This is a residential building for employees and students who work for you, which means that you were the architects and at the same time client and developer, and perhaps some of the residents were also part of the project team. How did you manage all these overlaps, and what came out of them? How do the residents live now, or how has the building evolved?
The primary idea of B-Camp has been to evoke a different design process by blending the role of the architect, developer, client, landlord, neighbor and project leader. We enjoyed the complexity and at the same time directness created by all these overlaps of roles, because the design process is redefined from scratch. Compared to a normal commission, very much could be done in a different way; like interpretations of laws, design priorities, choice of experiments, use of resources etc. That is why we have always liked to work with self-generated projects, and learned a lot from them.
We have built up a creative neighborhood vis-à-vis our office with internship students and people we can collaborate with. People living there today include an industrial designer, a web designer, a graphic designer and an author. Sometimes we work together or have lunch in the common courtyard.
The containers had a previous life as housing units.
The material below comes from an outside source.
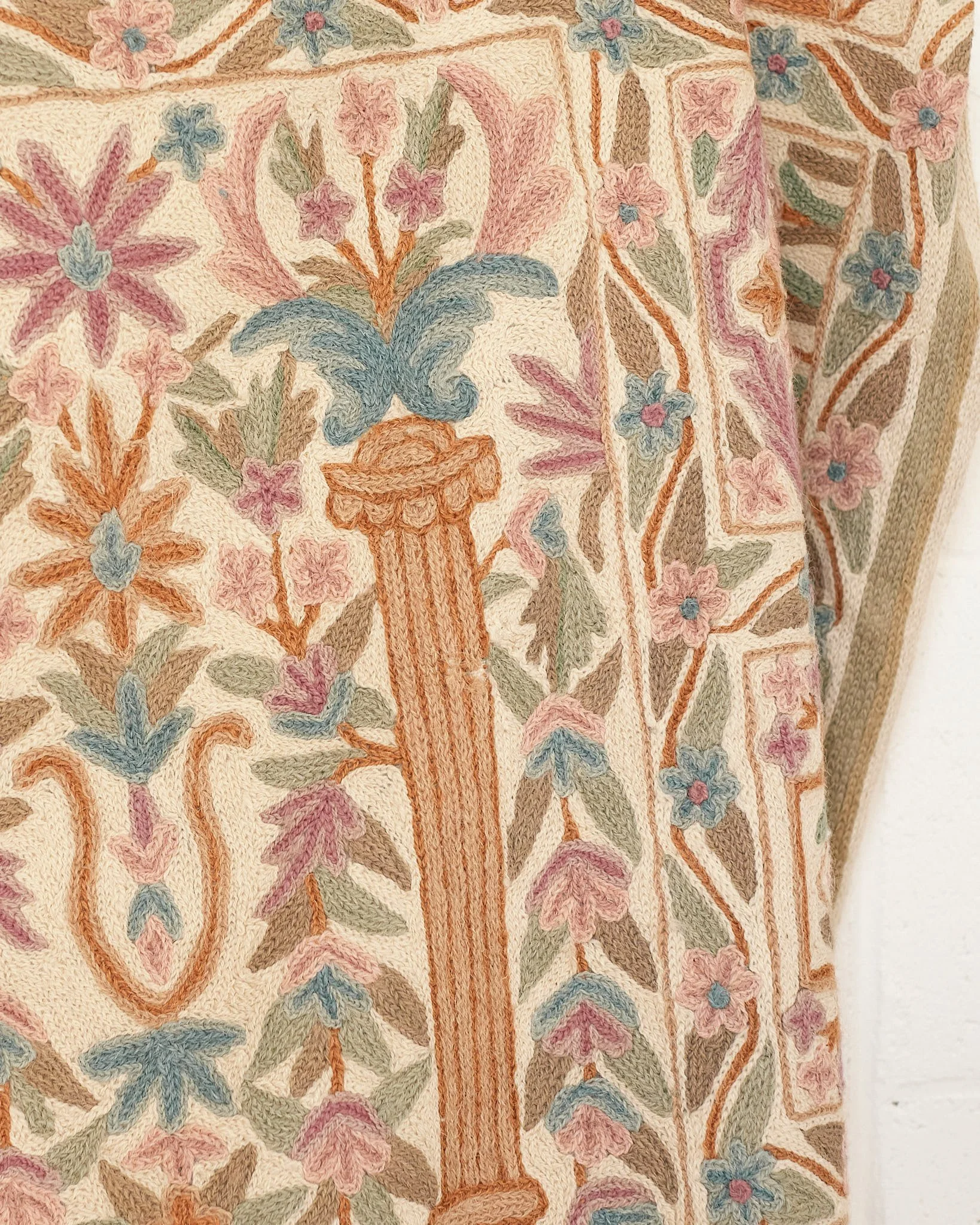 crewelwork wall hanging detail shot2.jpg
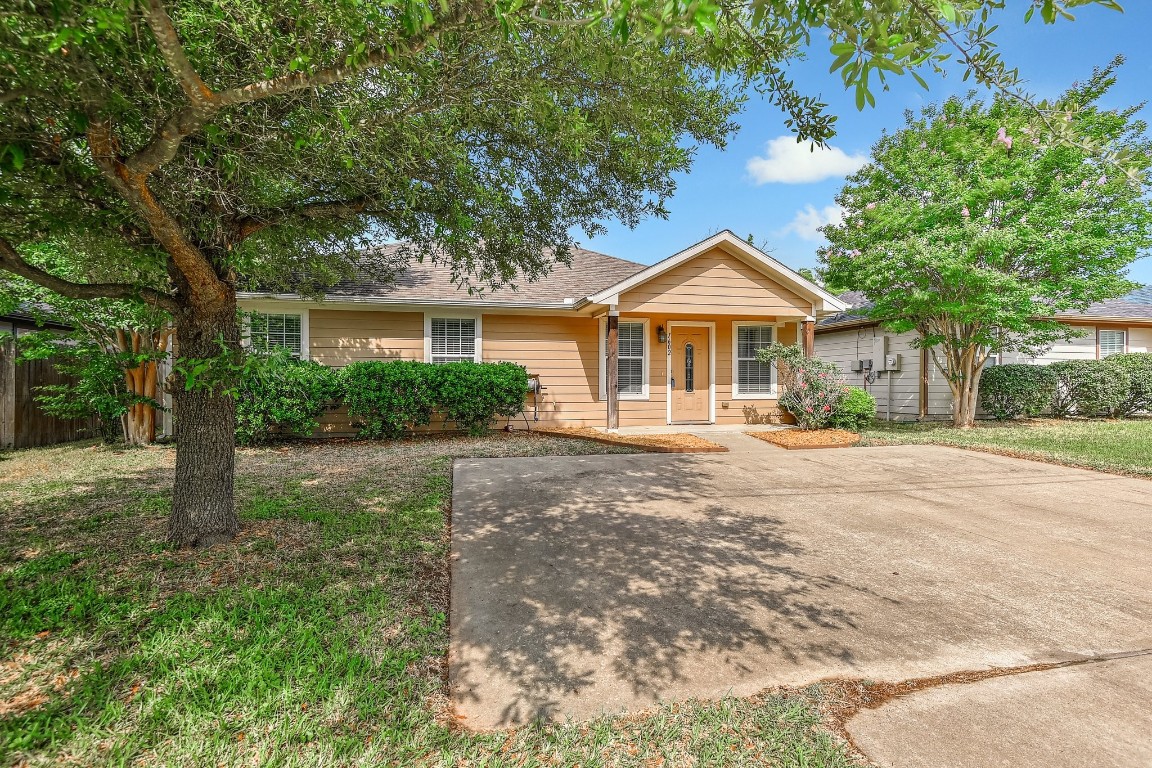 1602 S Montgomery Street Sherman TX 75090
What was their condition when you bought them? What did you keep and what did you re-design?
The interiors were in relatively good condition, but the exterior wasn't. Therefore we changed the cladding and added a 50 mm insulating layer on the outer walls. In order to gain more light we added recycled windows to the façade and connected the two levels of each apartment with stairs.
We kept most of the bathrooms, painted all the surfaces and furnished each unit with a kitchen and some furniture.
Did you consider using this cost-efficient design approach in other projects, for other clients, maybe at a bigger scale?
Yes. After B-Camp was published in the newspaper an owner of three temporary apartment blocks made of modules for workers of a dockyard asked us if we could use a similar approach there. Instead of proposing their demolition, we redesigned the modules of the three blocks, combined them into larger units and proposed a new floor on top with more expensive apartments.
This project resulted in 80 very cost-efficient apartments. Still we could achieve several qualities like interior dividing walls and sliding doors made of glass and large glass-facades by utilizing the existing structure and infrastructure.